Clang
It's a bit of a mess. Always will be. Kind of comes from C++ being a mess. Go look at this. The internals manual is probably a decent place to start.
libclang
This is the C api for Clang. It exists, but is limited in what parts of the AST are exposed. Despite that, it is sufficient for reading enough of the AST to do a lot. Tools like rust-bindgen are built on it.
libclang at it's core is really simple, but can be hard to immediately grasp because (that I know of) there isn't a good explanation of how the different parts of the api fit together. And I'm not experienced enought to get it right away. This is hopefully a "big ideas" text that me 2 weeks ago as of writing, or me having forgotten everything later, would find helpful.
Prereqs
libclang is for accessing the clang ast (well, clang abstract syntax digraph, because it can be cyclic), but it's a bad way to learn how the ast works. libclang conflates and leaves out the various node types in the clang ast. Read the section on the ast library in the internals manual and take a look at this page/talk for an okay introduction. libclang uses this api to traverse the nodes in the ast and get information on the nodes which currently have a representation in C. Just because something is accessible in the clang api, doesn't mean it is accessible in libclang.
The Parts
The official tutorial gives a good overview of the important types in the clang ast and is worth a read. The centerpiece type is CXCursor
. These point to a node in the ast. There are different kinds of nodes, described by CXCursorKind
. Some have documentation and some don't, but searching the clang api docs for a type with a similar name can be very insightful. An important kind is CXCursor_Unexposed
. This means the node isn't exposed to libclang even though it does exist. These unexposed nodes will still be listed when doing clang -Xclang -ast-dump src-file
which can be confusing. It can be useful to make a traversal using libclang instead of purely relying on the clang ast dump to see what is exposed and what isn't. A particularly thorny thing to realise is libclang
(I think) doesn't give good, direct access to declaration contexts.
Some CXCursor
s point to types.

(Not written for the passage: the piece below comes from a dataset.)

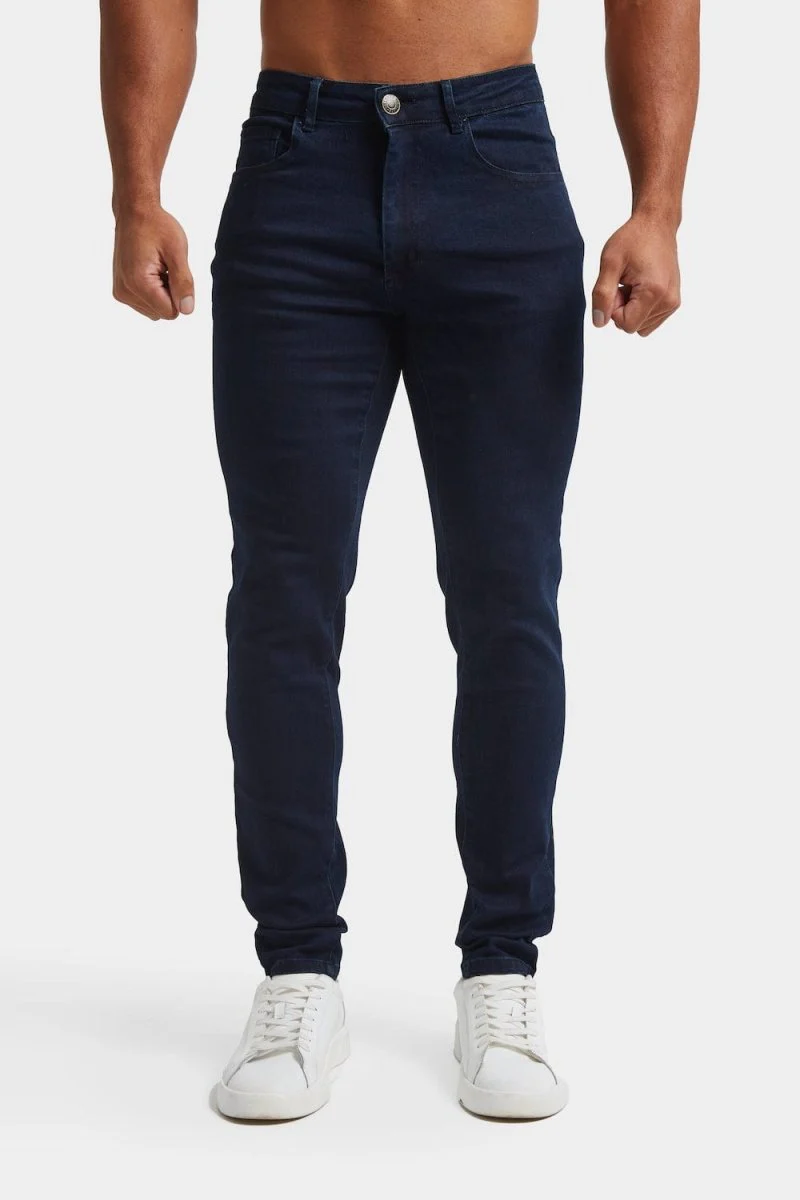 Muscle Fit Jeans in Indigo - Image 4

These will have a CXType
which can be obtained, and contains information about the C++ type the piece of code represents (C++ is complicated and you need to resolve types to build the ast). These don't correspond directly to C++ types, often capturing more information than directly in C++ types (e.g. one CXType_Kind
is CXType_ConstantArray
, a C array with a constant size). Depending on the CXType_Kind
, different functions are defined. CXType
s are in some ways more descriptive than types in the clang API, combining, for example, Types and QualTypes.
For inspecting ast nodes, that's basically it. To look at children nodes of a given node, visitors are used with clang_visitChildren
. This starts a traversal of the graph controlled by the return type of the visitor, possibly modifying some data being passed around. It's simple, but because the visitor doesn't know the direct parent (without manually storing as data during the traversal), it can be hard to know how a child node is related to it's parent. I don't know a good solution to this. The C++ api has tools for matching the ast, but libclang does not. Maybe homebrewing a similar matching library is the solution?
There are other things libclang can do, but these types form the base. With an understanding of them, and maybe some bookmarked doc pages, it should be not too hard to read and understand the apis for the rest of libclang's functionality.